*WHAT IS REQUIRED*.
Lines from the line with "Foto 8 de Casa" to the line with "358 - A Rare" in the entries below, and only those, must be output exactly, with both ends included.
==== SOURCE RECORDS ====
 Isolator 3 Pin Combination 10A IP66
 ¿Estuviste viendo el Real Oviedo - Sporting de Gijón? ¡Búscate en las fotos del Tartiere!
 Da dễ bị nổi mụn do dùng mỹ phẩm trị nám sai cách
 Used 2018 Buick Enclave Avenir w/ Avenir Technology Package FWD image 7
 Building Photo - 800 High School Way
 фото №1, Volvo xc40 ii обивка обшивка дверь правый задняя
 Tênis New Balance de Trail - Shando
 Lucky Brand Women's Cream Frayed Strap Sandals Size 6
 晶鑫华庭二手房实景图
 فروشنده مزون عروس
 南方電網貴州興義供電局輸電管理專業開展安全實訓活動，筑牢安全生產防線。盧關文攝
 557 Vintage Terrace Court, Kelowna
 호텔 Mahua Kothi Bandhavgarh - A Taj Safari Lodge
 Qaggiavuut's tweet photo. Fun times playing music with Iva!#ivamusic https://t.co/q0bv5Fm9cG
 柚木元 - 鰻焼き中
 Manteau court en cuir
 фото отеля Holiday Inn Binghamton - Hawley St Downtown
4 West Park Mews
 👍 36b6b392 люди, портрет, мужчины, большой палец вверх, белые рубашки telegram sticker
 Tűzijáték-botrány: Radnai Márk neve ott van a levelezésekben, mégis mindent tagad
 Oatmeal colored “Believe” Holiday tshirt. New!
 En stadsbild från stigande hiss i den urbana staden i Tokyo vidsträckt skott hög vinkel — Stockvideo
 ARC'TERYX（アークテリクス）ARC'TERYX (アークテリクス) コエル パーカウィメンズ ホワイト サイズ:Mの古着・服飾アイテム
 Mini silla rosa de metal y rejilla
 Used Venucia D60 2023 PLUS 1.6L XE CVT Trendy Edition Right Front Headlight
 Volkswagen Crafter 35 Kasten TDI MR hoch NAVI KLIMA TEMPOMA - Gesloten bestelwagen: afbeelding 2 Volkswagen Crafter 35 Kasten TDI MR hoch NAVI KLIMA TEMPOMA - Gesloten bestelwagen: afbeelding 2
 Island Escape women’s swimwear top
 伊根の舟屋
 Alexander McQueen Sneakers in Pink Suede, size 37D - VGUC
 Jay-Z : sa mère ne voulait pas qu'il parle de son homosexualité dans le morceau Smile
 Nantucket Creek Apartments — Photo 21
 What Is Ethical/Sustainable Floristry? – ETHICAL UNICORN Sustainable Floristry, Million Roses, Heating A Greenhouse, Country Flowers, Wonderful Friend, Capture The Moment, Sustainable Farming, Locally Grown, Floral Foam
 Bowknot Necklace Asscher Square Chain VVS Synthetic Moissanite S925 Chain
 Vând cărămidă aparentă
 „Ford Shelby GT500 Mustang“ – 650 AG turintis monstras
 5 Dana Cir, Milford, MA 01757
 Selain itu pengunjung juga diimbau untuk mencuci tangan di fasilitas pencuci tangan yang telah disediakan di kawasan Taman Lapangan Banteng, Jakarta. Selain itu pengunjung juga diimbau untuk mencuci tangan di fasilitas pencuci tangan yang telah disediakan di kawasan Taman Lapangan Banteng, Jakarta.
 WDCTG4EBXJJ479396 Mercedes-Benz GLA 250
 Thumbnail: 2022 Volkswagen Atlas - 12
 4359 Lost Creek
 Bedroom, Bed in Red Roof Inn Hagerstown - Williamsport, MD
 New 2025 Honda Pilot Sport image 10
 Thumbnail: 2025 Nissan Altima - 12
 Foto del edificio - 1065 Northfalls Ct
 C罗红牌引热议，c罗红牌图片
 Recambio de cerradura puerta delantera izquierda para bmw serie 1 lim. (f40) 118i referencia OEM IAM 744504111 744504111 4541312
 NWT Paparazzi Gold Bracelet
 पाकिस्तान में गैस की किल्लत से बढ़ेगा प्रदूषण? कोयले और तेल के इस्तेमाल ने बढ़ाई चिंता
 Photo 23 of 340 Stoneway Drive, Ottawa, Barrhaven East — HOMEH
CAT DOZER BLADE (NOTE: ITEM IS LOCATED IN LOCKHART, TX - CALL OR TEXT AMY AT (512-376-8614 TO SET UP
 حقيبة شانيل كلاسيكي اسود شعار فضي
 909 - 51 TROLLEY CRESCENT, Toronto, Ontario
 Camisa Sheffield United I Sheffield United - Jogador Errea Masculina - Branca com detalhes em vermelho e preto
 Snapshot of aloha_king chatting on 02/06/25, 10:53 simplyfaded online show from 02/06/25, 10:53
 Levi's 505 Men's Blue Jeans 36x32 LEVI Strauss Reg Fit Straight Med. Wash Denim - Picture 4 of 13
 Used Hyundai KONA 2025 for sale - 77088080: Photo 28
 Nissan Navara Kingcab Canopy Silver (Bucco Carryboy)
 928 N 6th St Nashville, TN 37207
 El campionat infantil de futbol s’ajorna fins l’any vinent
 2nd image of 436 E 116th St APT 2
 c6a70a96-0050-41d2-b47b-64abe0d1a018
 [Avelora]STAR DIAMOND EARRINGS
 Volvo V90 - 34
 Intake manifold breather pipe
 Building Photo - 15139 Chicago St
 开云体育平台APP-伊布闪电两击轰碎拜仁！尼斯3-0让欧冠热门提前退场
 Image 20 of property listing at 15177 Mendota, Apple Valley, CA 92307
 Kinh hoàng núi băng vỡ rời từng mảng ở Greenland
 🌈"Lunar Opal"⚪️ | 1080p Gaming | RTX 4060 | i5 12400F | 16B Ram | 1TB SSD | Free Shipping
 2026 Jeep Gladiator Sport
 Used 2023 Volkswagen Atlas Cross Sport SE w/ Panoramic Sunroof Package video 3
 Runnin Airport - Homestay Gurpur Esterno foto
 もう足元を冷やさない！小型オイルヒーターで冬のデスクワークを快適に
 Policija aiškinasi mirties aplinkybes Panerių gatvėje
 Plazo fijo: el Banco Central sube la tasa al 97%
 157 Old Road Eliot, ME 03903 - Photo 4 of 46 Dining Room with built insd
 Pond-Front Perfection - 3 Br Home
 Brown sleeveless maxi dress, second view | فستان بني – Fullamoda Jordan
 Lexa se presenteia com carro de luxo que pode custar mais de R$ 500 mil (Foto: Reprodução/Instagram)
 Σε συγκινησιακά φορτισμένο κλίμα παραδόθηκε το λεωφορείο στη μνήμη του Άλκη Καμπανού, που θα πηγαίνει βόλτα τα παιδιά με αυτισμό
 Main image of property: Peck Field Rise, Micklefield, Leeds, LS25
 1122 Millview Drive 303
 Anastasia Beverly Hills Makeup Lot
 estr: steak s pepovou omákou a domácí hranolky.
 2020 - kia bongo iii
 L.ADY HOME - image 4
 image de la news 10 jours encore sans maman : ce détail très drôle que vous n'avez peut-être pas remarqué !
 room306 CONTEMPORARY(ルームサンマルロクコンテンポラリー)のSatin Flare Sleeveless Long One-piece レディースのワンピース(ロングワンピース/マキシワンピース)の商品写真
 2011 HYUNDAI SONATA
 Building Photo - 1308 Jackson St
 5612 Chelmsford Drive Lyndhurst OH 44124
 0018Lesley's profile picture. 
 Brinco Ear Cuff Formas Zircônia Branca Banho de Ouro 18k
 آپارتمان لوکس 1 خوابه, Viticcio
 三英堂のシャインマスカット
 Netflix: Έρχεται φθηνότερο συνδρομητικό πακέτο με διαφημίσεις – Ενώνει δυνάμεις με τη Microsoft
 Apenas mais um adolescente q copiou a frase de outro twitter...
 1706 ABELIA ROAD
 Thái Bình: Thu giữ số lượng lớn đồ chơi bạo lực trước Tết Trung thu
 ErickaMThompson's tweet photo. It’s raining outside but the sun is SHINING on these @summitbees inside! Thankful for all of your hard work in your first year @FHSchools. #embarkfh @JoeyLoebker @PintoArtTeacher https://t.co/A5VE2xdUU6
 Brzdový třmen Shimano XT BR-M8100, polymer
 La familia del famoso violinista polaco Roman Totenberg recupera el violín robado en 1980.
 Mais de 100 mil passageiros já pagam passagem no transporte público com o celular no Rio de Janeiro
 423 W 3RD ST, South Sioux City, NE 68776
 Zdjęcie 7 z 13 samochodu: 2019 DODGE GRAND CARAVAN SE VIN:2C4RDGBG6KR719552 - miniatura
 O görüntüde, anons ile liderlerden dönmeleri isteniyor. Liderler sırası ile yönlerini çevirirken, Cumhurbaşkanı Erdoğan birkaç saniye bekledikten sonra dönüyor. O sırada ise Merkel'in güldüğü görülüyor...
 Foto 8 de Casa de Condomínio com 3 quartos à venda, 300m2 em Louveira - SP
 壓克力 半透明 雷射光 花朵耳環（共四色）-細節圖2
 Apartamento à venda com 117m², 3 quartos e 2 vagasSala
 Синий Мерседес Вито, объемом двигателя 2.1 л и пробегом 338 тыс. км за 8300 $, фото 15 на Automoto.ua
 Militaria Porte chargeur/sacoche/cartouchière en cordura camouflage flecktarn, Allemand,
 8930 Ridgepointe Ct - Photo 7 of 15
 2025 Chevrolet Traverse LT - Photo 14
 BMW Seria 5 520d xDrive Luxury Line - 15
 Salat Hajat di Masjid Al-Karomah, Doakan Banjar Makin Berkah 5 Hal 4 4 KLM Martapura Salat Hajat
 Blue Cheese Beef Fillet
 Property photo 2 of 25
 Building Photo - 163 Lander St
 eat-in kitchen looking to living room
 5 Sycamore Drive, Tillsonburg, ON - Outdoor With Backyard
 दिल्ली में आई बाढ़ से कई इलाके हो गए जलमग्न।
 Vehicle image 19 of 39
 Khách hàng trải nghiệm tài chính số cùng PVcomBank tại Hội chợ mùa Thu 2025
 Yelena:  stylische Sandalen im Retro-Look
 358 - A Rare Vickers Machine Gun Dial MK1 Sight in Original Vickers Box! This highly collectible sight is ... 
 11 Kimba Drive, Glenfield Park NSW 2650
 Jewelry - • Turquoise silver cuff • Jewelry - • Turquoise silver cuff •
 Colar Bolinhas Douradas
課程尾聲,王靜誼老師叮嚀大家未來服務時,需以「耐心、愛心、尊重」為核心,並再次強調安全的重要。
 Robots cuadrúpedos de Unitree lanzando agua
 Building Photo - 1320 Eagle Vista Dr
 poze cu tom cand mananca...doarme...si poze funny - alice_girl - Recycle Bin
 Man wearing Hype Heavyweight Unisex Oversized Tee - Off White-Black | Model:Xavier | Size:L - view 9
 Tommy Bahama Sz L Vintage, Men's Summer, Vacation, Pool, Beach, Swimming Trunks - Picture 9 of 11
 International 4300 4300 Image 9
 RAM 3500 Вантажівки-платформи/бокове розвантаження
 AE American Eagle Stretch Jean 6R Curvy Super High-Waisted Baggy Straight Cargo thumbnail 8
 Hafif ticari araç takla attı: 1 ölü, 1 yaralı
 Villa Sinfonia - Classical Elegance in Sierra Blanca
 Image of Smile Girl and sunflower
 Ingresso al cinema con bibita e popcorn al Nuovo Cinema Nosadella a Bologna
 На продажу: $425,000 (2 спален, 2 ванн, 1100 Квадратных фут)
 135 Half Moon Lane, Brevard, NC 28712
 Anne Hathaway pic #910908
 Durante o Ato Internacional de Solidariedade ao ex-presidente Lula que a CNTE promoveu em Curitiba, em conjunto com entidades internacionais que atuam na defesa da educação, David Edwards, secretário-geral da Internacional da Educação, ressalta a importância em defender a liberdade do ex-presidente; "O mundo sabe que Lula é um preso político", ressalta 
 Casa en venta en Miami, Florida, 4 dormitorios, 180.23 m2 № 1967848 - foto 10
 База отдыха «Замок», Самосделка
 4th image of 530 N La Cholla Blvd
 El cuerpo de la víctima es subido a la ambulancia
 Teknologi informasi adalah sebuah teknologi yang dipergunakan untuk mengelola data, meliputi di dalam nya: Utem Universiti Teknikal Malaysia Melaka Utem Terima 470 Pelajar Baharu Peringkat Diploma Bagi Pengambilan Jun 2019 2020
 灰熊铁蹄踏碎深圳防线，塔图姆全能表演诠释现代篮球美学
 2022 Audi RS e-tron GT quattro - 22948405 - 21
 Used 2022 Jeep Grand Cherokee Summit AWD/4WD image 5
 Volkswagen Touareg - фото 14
====
*ANSWER AREA*.
 Foto 8 de Casa de Condomínio com 3 quartos à venda, 300m2 em Louveira - SP
 壓克力 半透明 雷射光 花朵耳環（共四色）-細節圖2
 Apartamento à venda com 117m², 3 quartos e 2 vagasSala
 Синий Мерседес Вито, объемом двигателя 2.1 л и пробегом 338 тыс. км за 8300 $, фото 15 на Automoto.ua
 Militaria Porte chargeur/sacoche/cartouchière en cordura camouflage flecktarn, Allemand,
 8930 Ridgepointe Ct - Photo 7 of 15
 2025 Chevrolet Traverse LT - Photo 14
 BMW Seria 5 520d xDrive Luxury Line - 15
 Salat Hajat di Masjid Al-Karomah, Doakan Banjar Makin Berkah 5 Hal 4 4 KLM Martapura Salat Hajat
 Blue Cheese Beef Fillet
 Property photo 2 of 25
 Building Photo - 163 Lander St
 eat-in kitchen looking to living room
 5 Sycamore Drive, Tillsonburg, ON - Outdoor With Backyard
 दिल्ली में आई बाढ़ से कई इलाके हो गए जलमग्न।
 Vehicle image 19 of 39
 Khách hàng trải nghiệm tài chính số cùng PVcomBank tại Hội chợ mùa Thu 2025
 Yelena:  stylische Sandalen im Retro-Look
 358 - A Rare Vickers Machine Gun Dial MK1 Sight in Original Vickers Box! This highly collectible sight is ... 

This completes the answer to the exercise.